The argument was outlined this week by U.S. delegates such as trade representative Robert Zoellick. It's the new American sales pitch.
The forces of creation and free markets "have brought more prosperity to more people more quickly than at any time in human history," Bush said.
Growth in China
He praised the way that APEC members had opened their arms to them. China's gross domestic product has grown 513 percent since 1975, he noted, while 73 percent of South Koreans now own a computer.
Bush won an endorsement for his anti-terrorism coalition yesterday from both Chinese President Jiang Zemin and South Korean President Kim Dae-jung.
Bush said the APEC leaders will, as expected, endorse a statement condemning terrorism on Sunday, as well as calling for a new round of World Trade Organization talks.
The American leader said APEC countries must show the attack on commerce has failed.
He called on them to make sure immigration and customs barriers do not get too restrictive and to trim red tape and standardize technology standards.
Those comments had a ring of irony, as China deploys 100,000 people to staff the conference.
Organizers say delegates need to allow an hour to pass the stringent security searches that involve metal detectors, body frisks and scanners at every venue.
Bush said that the Taliban had been given an ultimatum to choose to side with the "forces for evil" or the positive forces of creation.
"They choose unwisely," he said, aligning themselves with forces of destruction "that kill on a global scale." Countries that make that choice will face stagnation and ignorance, he said.

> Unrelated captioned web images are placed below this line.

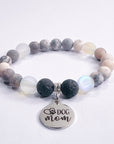 Dog Mom Classic Charm Bracelet Lava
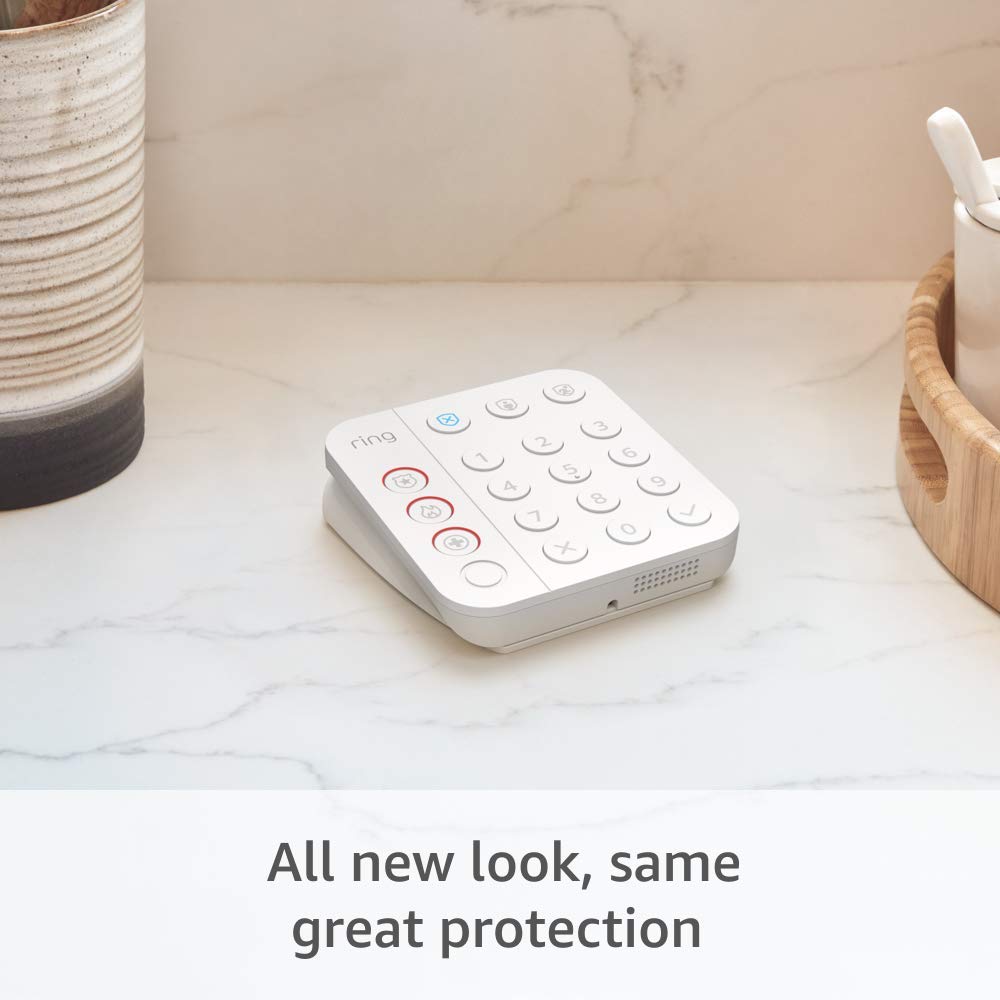 Ring Alarm 8-Piece Kit with Ring Battery Doorbell Plus and Spotlight Cam Plus, Battery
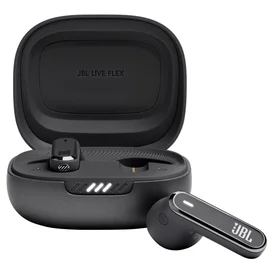 Қыстырмалы құлаққап JBL Live Flex TWS Bluetooth Headphones Black фото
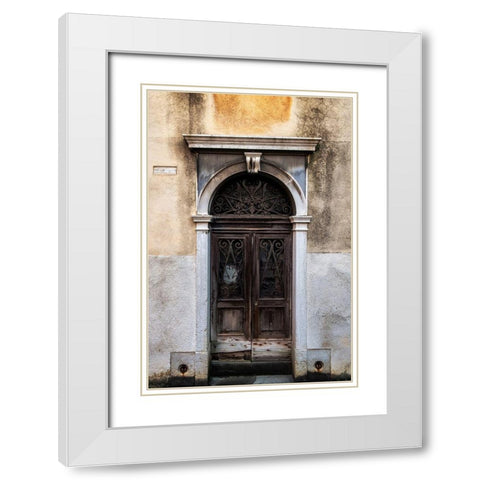 Venetian Door White Modern Wood Framed Art Print with Double Matting by Head, Danny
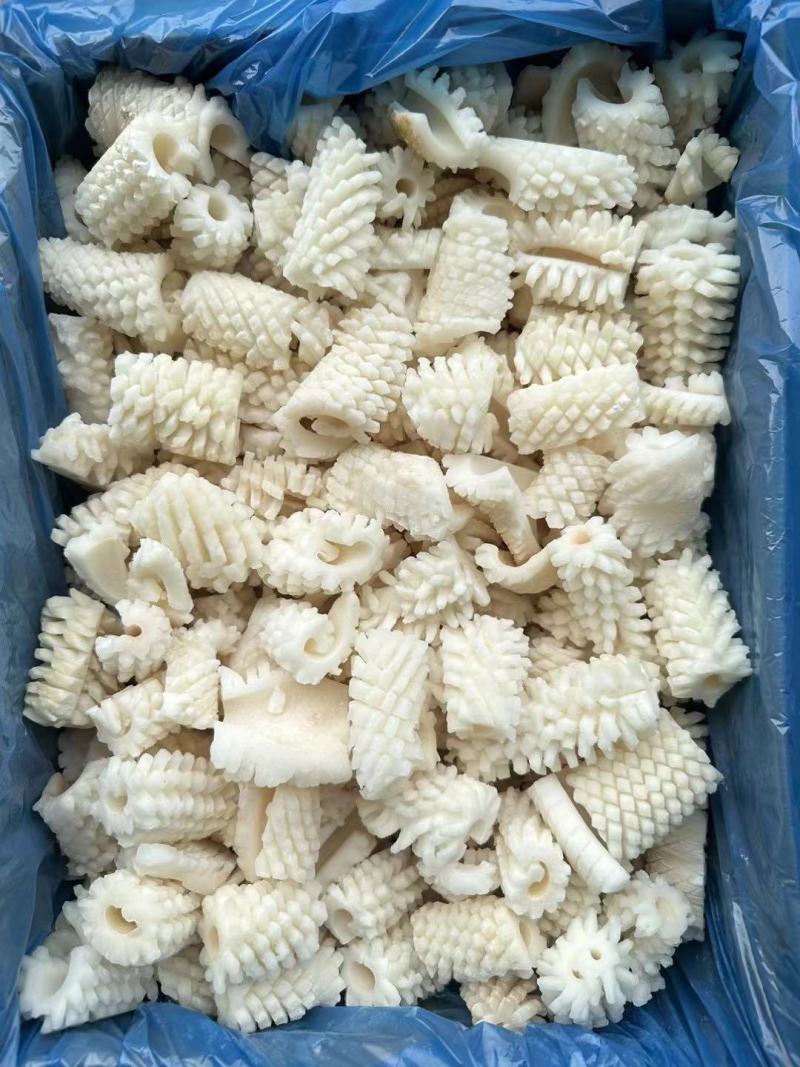 【鱿鱼花】目鱼花去皮鱿鱼卷冷冻耳花新鲜现切火锅食材半成品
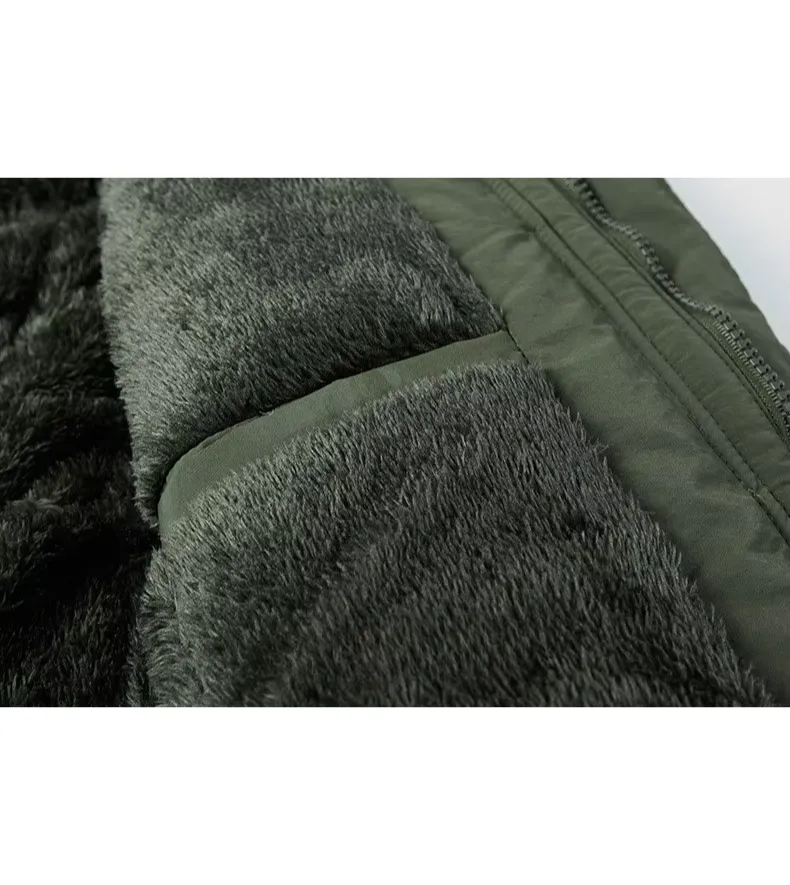 Thermos - Parka Winterjas Heren – Warm Gevoerd met Capuchon en Meerdere Zakken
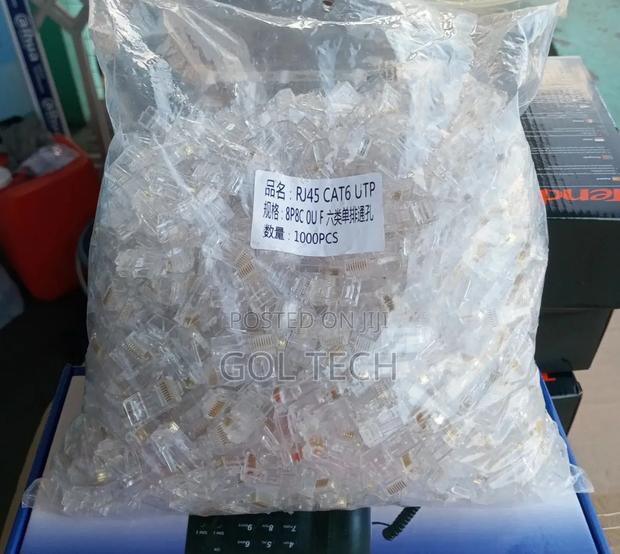 Rj45 Connector 1000pcs a Pack Passthrough · Photo 2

Bush noted that he shared the rising frustration over attempts to supply food in Afghanistan, which he said have been hindered by the Taliban.
"They starve their people, and that is another reason they must go," a comment that also drew applause.
The president said now was a time for the American people to rally together.
Time to move on
"We won't forget the American stars and stripes fluttering in solidarity from every firetruck," he said. "We won't forget the baseball players and their minutes of silence."
But he said it is time for America and the rest of the world to move on.
Bush has been doing the diplomatic rounds to exact support for his coalition against terrorism.
Earlier in the day, he gave Japanese Prime Minister Junichiro Koizumi a baseball glove signed by the Baltimore Orioles' Cal Ripken Jr.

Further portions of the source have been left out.